#### Task prompt
Every line from the one with "Kenda K546 SpeedRacer" to the one with "Nano Machine Chapter 170 image 11", including those two, is to be copied exactly; all other lines of the entries below are left out.

#### Source material
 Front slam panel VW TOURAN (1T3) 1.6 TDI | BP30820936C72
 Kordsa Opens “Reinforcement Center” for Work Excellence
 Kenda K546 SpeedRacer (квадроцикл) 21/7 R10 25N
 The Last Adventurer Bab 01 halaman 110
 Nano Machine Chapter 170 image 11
---
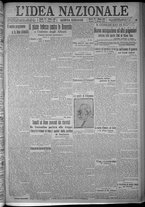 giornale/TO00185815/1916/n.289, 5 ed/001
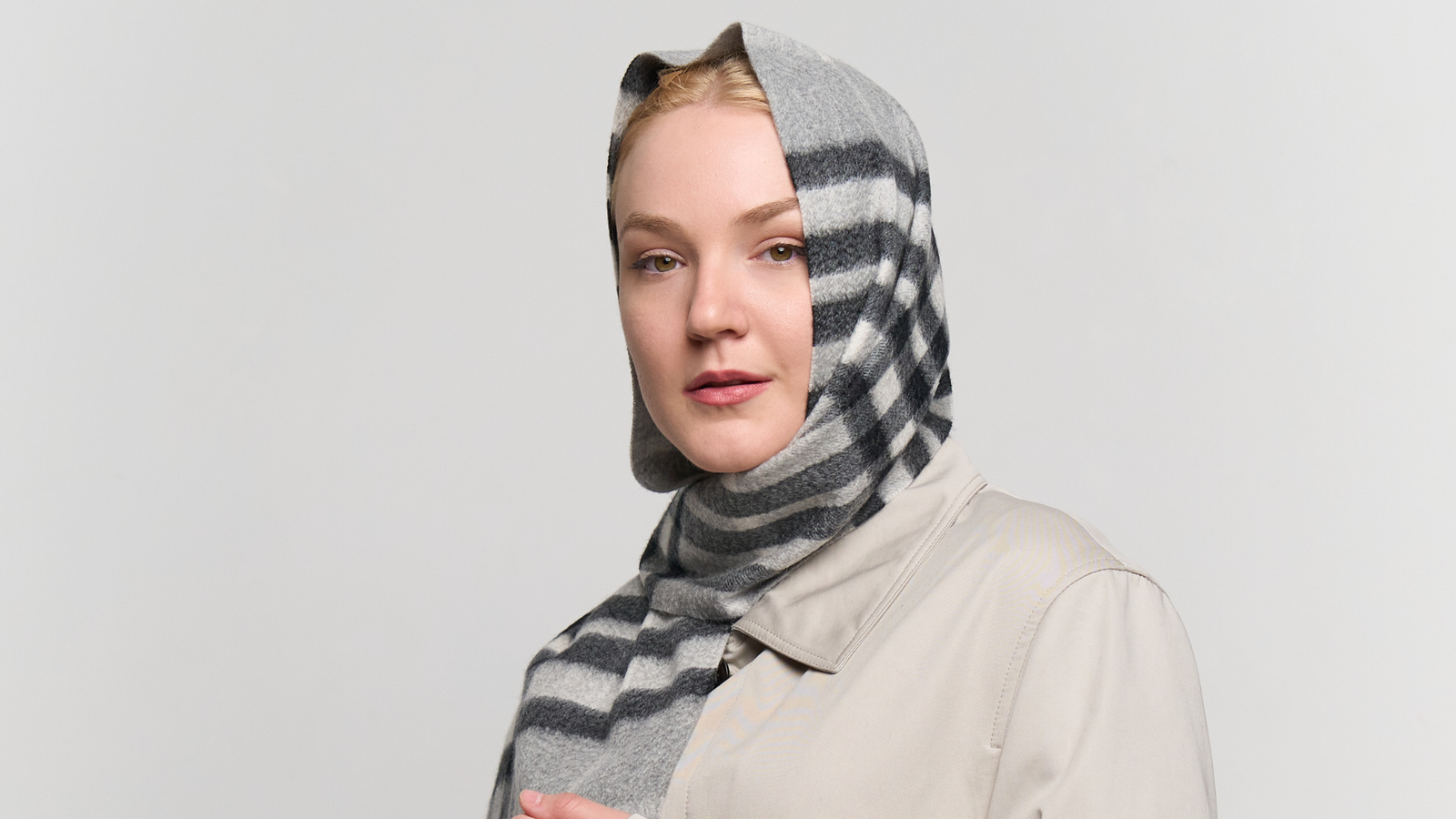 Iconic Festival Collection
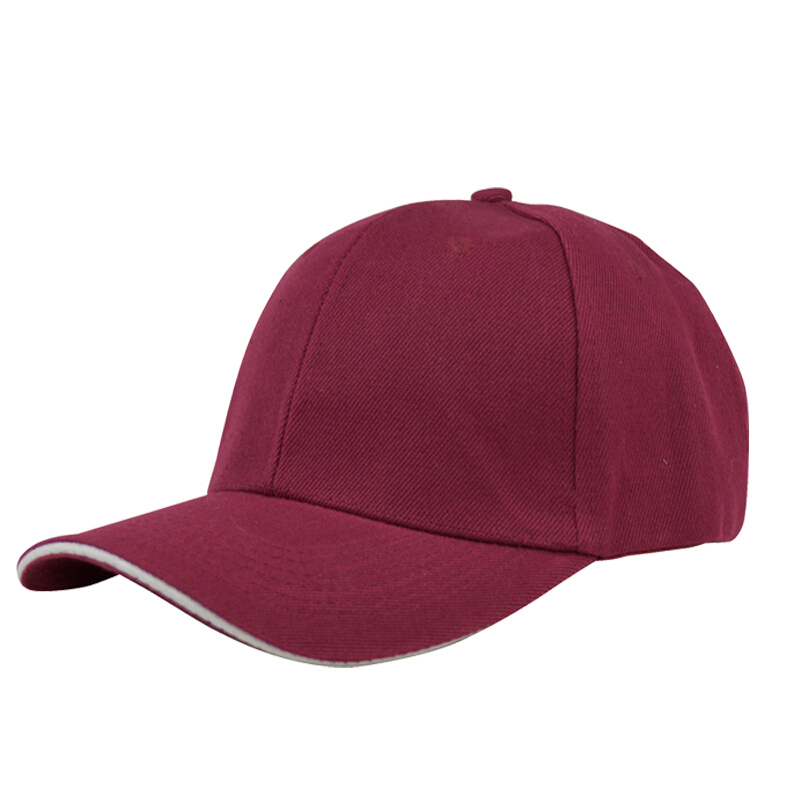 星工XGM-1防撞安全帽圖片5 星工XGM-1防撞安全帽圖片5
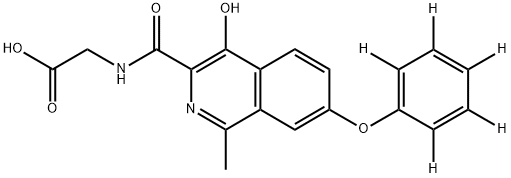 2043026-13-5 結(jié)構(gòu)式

#### Exercise response
 Kenda K546 SpeedRacer (квадроцикл) 21/7 R10 25N
 The Last Adventurer Bab 01 halaman 110
 Nano Machine Chapter 170 image 11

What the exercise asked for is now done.